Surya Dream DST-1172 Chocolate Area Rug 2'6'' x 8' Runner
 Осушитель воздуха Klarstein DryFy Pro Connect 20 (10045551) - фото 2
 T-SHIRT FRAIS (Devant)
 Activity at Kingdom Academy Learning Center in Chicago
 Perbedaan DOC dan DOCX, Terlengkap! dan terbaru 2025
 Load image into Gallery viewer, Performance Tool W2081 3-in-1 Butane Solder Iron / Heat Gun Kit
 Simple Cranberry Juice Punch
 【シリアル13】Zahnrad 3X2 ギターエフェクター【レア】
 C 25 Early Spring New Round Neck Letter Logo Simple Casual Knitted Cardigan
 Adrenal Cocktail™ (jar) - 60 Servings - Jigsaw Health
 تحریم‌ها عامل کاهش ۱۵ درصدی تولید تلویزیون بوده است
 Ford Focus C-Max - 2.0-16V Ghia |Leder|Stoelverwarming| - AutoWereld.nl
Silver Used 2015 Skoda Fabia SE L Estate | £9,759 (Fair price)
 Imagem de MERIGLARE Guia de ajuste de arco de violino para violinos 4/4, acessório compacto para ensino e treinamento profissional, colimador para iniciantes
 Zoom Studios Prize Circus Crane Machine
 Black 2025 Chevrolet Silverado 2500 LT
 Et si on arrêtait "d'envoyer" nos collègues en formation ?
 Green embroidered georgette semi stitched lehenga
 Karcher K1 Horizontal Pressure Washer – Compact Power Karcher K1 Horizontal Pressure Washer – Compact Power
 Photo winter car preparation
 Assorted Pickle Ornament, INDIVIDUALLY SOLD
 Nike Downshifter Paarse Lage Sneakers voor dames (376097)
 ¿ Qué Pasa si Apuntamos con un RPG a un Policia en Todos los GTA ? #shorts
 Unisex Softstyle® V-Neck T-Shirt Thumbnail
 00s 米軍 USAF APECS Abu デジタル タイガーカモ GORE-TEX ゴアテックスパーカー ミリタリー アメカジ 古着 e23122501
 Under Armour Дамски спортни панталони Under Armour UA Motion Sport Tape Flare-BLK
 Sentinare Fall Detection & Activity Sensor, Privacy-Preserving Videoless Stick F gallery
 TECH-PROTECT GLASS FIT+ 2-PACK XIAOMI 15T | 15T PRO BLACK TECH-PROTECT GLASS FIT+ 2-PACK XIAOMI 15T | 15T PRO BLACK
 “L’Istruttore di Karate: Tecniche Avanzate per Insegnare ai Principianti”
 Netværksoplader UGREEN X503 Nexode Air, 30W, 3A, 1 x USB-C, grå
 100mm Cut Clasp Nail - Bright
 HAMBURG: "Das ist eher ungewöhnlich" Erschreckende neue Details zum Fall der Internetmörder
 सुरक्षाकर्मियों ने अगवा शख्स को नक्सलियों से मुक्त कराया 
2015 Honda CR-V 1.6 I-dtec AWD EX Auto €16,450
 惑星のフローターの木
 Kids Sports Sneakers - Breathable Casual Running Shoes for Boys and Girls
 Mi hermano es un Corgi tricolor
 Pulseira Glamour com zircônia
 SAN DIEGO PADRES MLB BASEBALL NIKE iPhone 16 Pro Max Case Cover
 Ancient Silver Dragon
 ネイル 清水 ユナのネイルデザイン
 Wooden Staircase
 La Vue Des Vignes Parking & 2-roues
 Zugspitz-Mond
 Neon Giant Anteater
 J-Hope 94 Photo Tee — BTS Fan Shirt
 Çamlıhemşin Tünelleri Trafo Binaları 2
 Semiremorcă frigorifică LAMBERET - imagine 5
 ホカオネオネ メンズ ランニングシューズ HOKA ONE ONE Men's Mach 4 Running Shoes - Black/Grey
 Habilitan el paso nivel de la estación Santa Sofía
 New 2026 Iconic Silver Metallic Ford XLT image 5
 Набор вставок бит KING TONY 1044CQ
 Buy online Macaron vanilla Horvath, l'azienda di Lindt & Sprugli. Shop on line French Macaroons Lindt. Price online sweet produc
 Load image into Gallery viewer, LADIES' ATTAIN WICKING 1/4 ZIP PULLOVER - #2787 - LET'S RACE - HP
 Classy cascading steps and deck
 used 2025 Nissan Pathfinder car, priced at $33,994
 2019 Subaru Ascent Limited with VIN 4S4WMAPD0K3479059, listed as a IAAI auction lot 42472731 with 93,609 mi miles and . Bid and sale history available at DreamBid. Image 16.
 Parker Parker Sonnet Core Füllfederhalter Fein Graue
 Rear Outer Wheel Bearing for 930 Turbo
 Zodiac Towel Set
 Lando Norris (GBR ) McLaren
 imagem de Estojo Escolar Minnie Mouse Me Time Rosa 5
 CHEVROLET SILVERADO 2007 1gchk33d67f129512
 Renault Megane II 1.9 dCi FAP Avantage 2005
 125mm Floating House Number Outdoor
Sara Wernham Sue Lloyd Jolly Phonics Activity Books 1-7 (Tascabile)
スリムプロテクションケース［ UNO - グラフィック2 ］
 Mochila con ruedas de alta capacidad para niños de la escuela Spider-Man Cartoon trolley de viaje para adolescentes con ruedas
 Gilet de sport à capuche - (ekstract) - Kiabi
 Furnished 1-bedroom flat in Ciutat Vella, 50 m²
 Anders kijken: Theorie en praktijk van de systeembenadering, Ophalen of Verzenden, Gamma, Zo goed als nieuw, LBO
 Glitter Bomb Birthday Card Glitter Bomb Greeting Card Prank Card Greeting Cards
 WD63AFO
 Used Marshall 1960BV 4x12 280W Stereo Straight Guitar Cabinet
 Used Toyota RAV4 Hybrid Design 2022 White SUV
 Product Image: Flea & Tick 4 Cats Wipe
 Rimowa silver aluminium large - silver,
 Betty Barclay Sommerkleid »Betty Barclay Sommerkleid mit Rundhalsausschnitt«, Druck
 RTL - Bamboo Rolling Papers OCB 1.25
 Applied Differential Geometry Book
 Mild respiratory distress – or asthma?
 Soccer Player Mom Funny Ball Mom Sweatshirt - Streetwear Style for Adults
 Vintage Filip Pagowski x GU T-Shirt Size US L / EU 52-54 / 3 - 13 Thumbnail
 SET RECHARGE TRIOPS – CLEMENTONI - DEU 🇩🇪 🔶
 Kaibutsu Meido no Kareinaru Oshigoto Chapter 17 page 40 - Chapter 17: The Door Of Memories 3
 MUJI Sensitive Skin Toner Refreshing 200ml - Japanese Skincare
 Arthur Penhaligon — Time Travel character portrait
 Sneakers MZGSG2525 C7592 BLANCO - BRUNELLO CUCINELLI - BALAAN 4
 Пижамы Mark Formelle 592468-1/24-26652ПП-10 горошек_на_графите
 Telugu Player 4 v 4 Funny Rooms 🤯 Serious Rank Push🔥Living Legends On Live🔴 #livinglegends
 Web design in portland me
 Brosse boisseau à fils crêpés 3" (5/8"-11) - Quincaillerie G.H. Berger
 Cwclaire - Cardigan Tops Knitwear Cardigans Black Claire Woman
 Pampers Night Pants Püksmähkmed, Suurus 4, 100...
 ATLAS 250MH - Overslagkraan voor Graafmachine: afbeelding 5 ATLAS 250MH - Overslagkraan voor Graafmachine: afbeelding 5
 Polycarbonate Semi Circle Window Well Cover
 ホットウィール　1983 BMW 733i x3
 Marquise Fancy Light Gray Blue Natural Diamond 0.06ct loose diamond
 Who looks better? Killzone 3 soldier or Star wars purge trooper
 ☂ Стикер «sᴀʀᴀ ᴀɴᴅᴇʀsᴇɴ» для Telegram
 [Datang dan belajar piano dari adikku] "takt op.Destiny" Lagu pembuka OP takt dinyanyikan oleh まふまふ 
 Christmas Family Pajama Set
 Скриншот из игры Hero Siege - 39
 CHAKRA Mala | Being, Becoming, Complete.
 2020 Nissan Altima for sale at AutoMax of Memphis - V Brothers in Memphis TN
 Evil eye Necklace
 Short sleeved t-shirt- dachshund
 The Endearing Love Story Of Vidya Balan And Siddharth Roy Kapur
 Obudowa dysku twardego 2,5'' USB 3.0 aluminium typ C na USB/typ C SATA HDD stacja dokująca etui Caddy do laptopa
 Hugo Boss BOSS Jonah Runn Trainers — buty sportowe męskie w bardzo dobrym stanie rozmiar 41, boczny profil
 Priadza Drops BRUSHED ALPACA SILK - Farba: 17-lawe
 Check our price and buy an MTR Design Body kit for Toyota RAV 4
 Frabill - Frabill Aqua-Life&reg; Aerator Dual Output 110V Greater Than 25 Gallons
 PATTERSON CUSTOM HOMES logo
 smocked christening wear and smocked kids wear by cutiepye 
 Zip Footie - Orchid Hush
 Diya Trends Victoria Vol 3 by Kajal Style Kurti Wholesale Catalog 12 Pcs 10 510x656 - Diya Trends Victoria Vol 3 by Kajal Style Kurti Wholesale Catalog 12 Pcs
________________________
**What is required:**
I'd like an exact copy of the lines above, from the very first one through the line that contains "00s 米軍 USAF", with nothing else added.

**Answer to the exercise:**
Surya Dream DST-1172 Chocolate Area Rug 2'6'' x 8' Runner
 Осушитель воздуха Klarstein DryFy Pro Connect 20 (10045551) - фото 2
 T-SHIRT FRAIS (Devant)
 Activity at Kingdom Academy Learning Center in Chicago
 Perbedaan DOC dan DOCX, Terlengkap! dan terbaru 2025
 Load image into Gallery viewer, Performance Tool W2081 3-in-1 Butane Solder Iron / Heat Gun Kit
 Simple Cranberry Juice Punch
 【シリアル13】Zahnrad 3X2 ギターエフェクター【レア】
 C 25 Early Spring New Round Neck Letter Logo Simple Casual Knitted Cardigan
 Adrenal Cocktail™ (jar) - 60 Servings - Jigsaw Health
 تحریم‌ها عامل کاهش ۱۵ درصدی تولید تلویزیون بوده است
 Ford Focus C-Max - 2.0-16V Ghia |Leder|Stoelverwarming| - AutoWereld.nl
Silver Used 2015 Skoda Fabia SE L Estate | £9,759 (Fair price)
 Imagem de MERIGLARE Guia de ajuste de arco de violino para violinos 4/4, acessório compacto para ensino e treinamento profissional, colimador para iniciantes
 Zoom Studios Prize Circus Crane Machine
 Black 2025 Chevrolet Silverado 2500 LT
 Et si on arrêtait "d'envoyer" nos collègues en formation ?
 Green embroidered georgette semi stitched lehenga
 Karcher K1 Horizontal Pressure Washer – Compact Power Karcher K1 Horizontal Pressure Washer – Compact Power
 Photo winter car preparation
 Assorted Pickle Ornament, INDIVIDUALLY SOLD
 Nike Downshifter Paarse Lage Sneakers voor dames (376097)
 ¿ Qué Pasa si Apuntamos con un RPG a un Policia en Todos los GTA ? #shorts
 Unisex Softstyle® V-Neck T-Shirt Thumbnail
 00s 米軍 USAF APECS Abu デジタル タイガーカモ GORE-TEX ゴアテックスパーカー ミリタリー アメカジ 古着 e23122501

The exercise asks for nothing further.